Nvidia plans to move to Multi-Chip GPU modules to scale past Moore's Law
Published: 4th July 2017 | Source: Nvidia |
Nvidia releases paper presenting plans to create multi-package GPU complexes
Moore's Law has been showing down for quite some time, with progress towards next generation processing nodes slowing down while hardware makers and consumers cry out for bigger and more powerful hardware.
Today companies are searching for ways to boost the performance of their products without the need for more advanced processing nodes or creating products that are almost unfeasible in scale. If hardware makers want to create bigger products moving forward they will need to think of a new way of scaling silicon to larger sizes, which is where technologies like AMD's Infinity Fabric come into play.
Nvidia also wants to scale their products beyond the limits of silicon, with the company now researching ways to create GPUs that are a multi-GPU complex that will be able to act as a single unit and produce levels of performance that are higher than a single, "monolithic" GPU structure.
In a new collaboration between Nvidia, Arizona State University, the University of Texas and the Barcelona Supercomputing Centre, research is being conducted to create a GPU that is an MCM (Multi-Chip-Module), which can work together with fast interconnects to function as a single, grand scale GPU design.

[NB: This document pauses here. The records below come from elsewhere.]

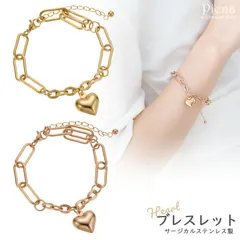 ブレスレット レディース サージカルステンレス製 ハート モチーフ リンクチェーン オーバル アジャスター付 長さ調整 シンプル 大人 かわいい おしゃれ 上品 重厚感 カジュアル デイリー 普段使い お肌に優しい 金属アレルギー対応 プレゼント ギフト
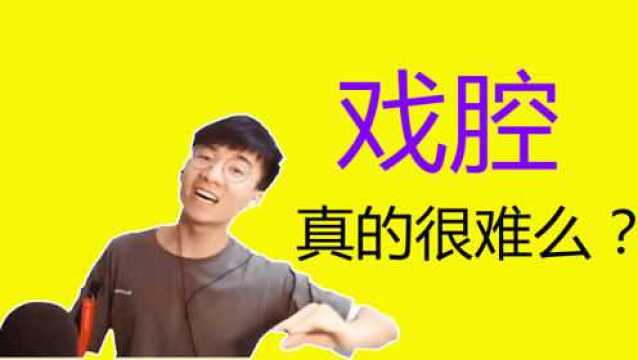 【戏腔】学戏腔嘛?一学就会的那种喔,你要不要学?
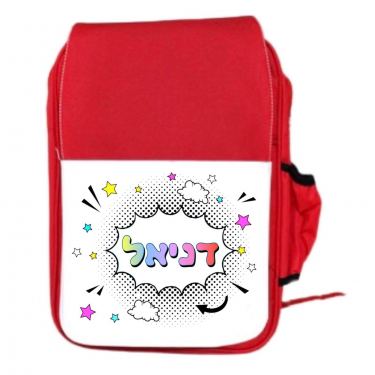 תיק ממותג בזוקה | חנות מקוונת ALONIT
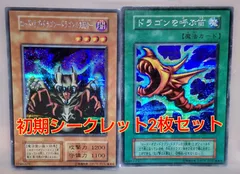 【希少】枠ズレ　裁断　エラー　ドラゴンの支配者　ドラゴンを呼ぶ笛　シークレット 2025年最新】ドラゴンを呼ぶ笛 シークレットの人気アイテム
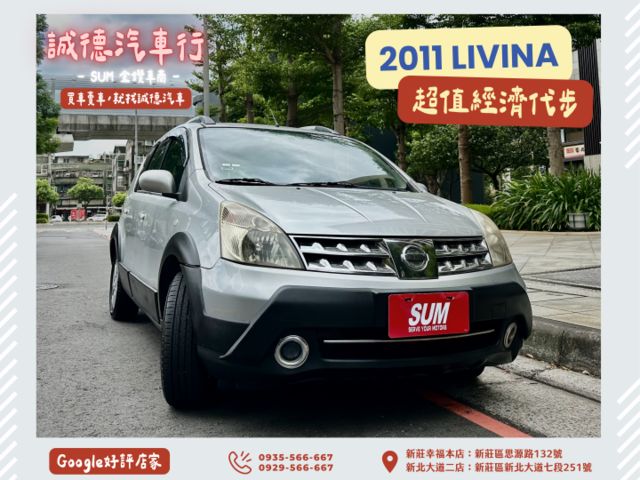 ✓超值代步車 ✓日系妥善率讚的 ✓省油省稅 保養也省 ✓開車成本低 ✓小車的省油 MPV的空間  第1張相片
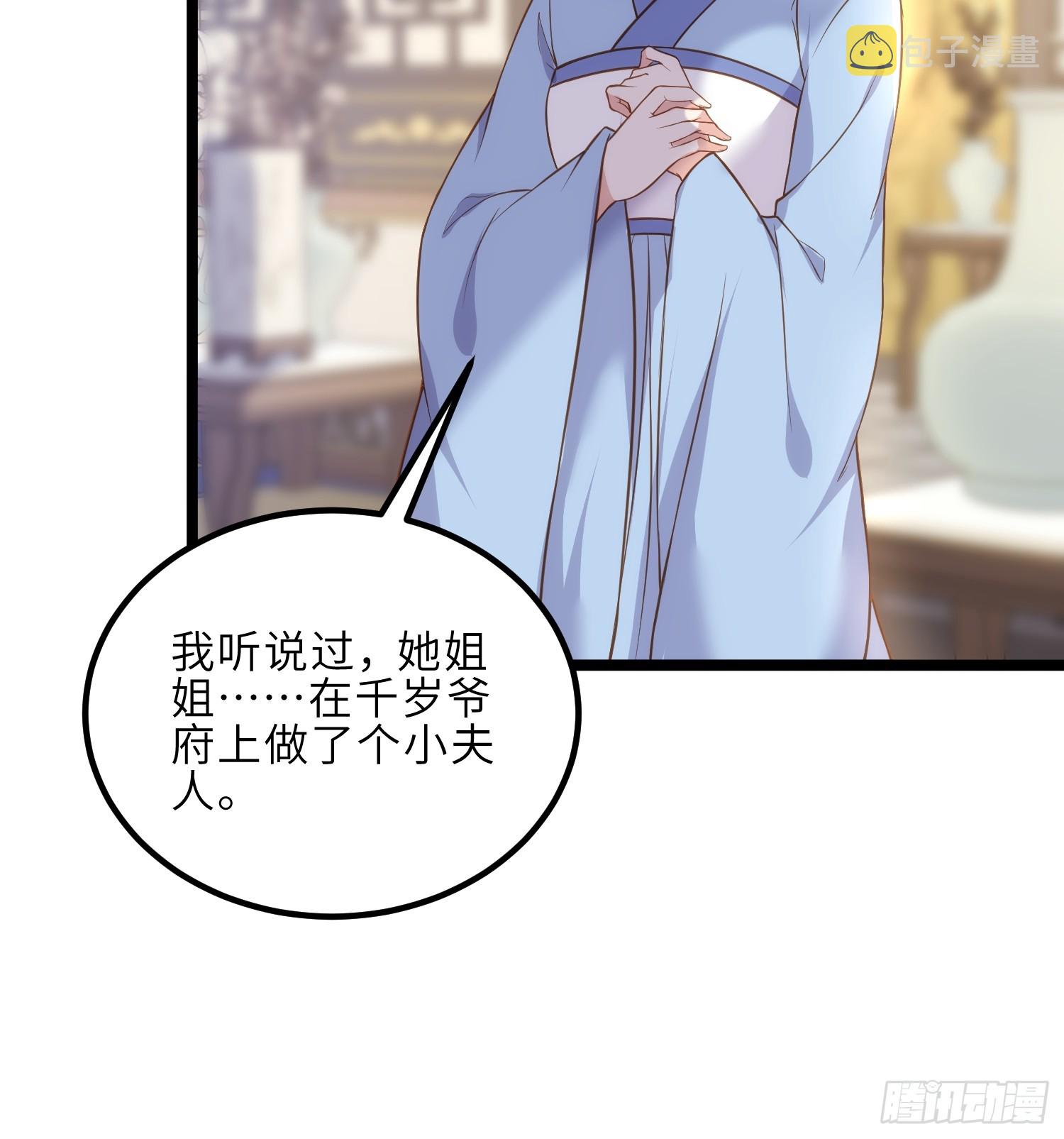 第309话 魅一诀别19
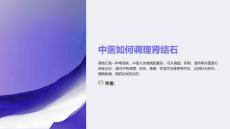 中医调理肾结石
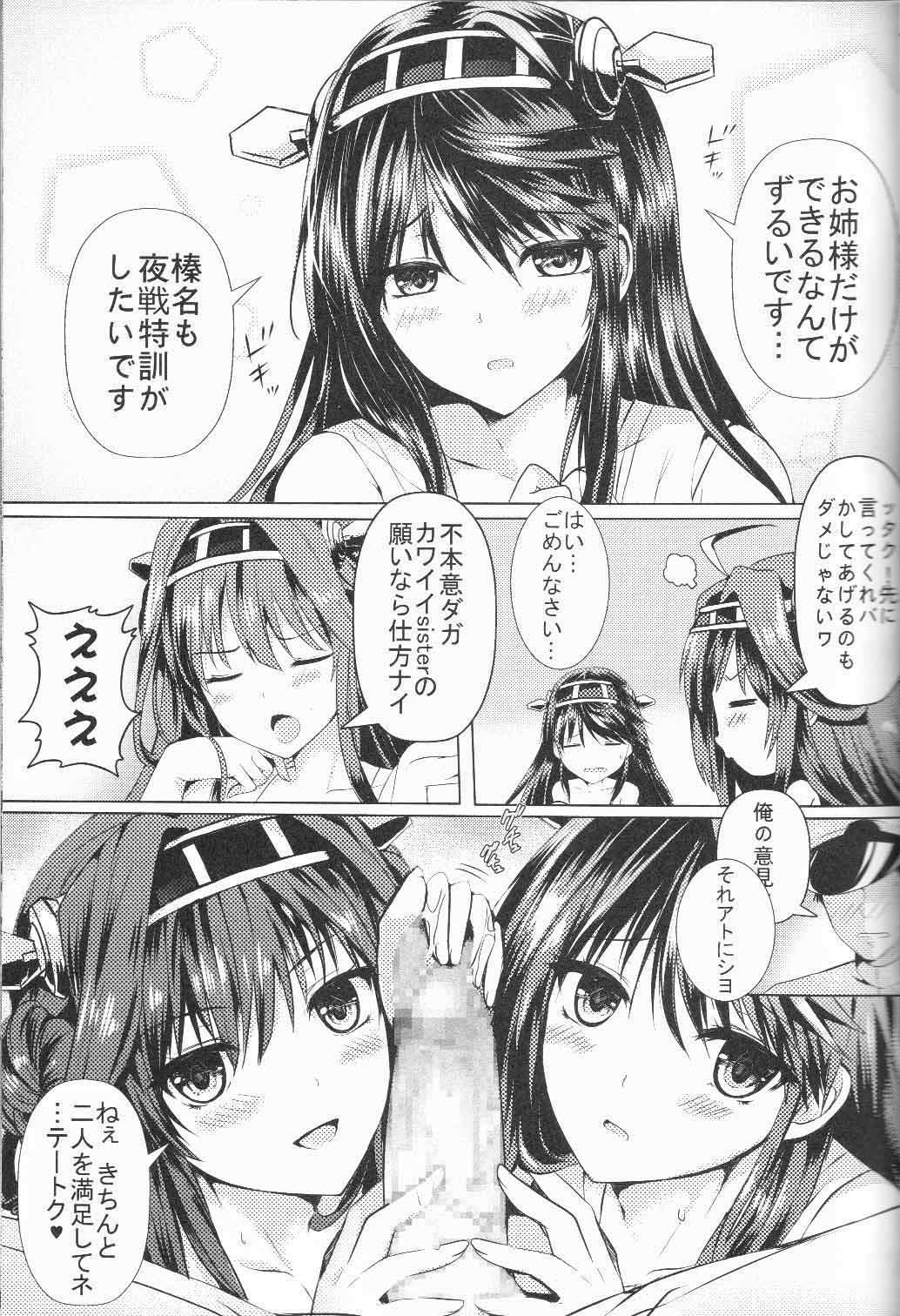 提督ノBurning Loveガホシイデス 5ページ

The advantages of an MCM are obvious, as it will allow Nvidia to scale beyond the limits of traditional silicon and create several GPU SKUs using the same building blocks. These individual components will be smaller and high-yield, which will also make the creation process of these new GPUs less wasteful and potentially more profitable.
Right now, Nvidia thinks that an MCM-GPU would be able to produce performance levels that are within 10% of a hypothetical superscale-GPU with the same number of CUDA cores and memory bandwidth, a GPU that would be unbuildable without MCM technology.
To address this need, in this paper we demonstrate that package-level integration of multiple GPU modules to build larger logical GPUs can enable continuous performance scaling beyond Moore's law. Specifically, we propose partitioning GPUs into easily manufacturable basic GPU Modules (GPMs), and integrating them on package using high bandwidth and power efficient signaling technologies. We lay out the details and evaluate the feasibility of a basic Multi-Chip-Module GPU (MCM-GPU) design.
We then propose three architectural optimizations that significantly improve GPM data locality and minimize the sensitivity on inter-GPM bandwidth. Our evaluation shows that the optimized MCM-GPU achieves 22.8% speedup and 5x inter-GPM bandwidth reduction when compared to the basic MCM-GPU architecture.
Most importantly, the optimized MCM-GPU design is 45.5% faster than the largest implementable monolithic GPU, and performs within 10% of a hypothetical (and unbuildable) monolithic GPU. Lastly we show that our optimized MCM-GPU is 26.8% faster than an equally equipped Multi-GPU system with the same total number of SMs and DRAM bandwidth.
Those of us who are well acquainted with the PC industry will be scratching their heads thinking "this sounds familiar", as this research from Nvidia does seem reminiscent of AMD's Infinity Fabric tech which allows AMD to create MCM-CPU complexes for their Threadripper and EPYC series CPUs.
AMD has also implemented Infinity Fabric into their latest Vega GPU architecture, with their next-generation Navi-GPU hardware promising enhanced "Scalability", which suggests that AMD is ahead of Nvidia when it comes to creating an MCM-GPU.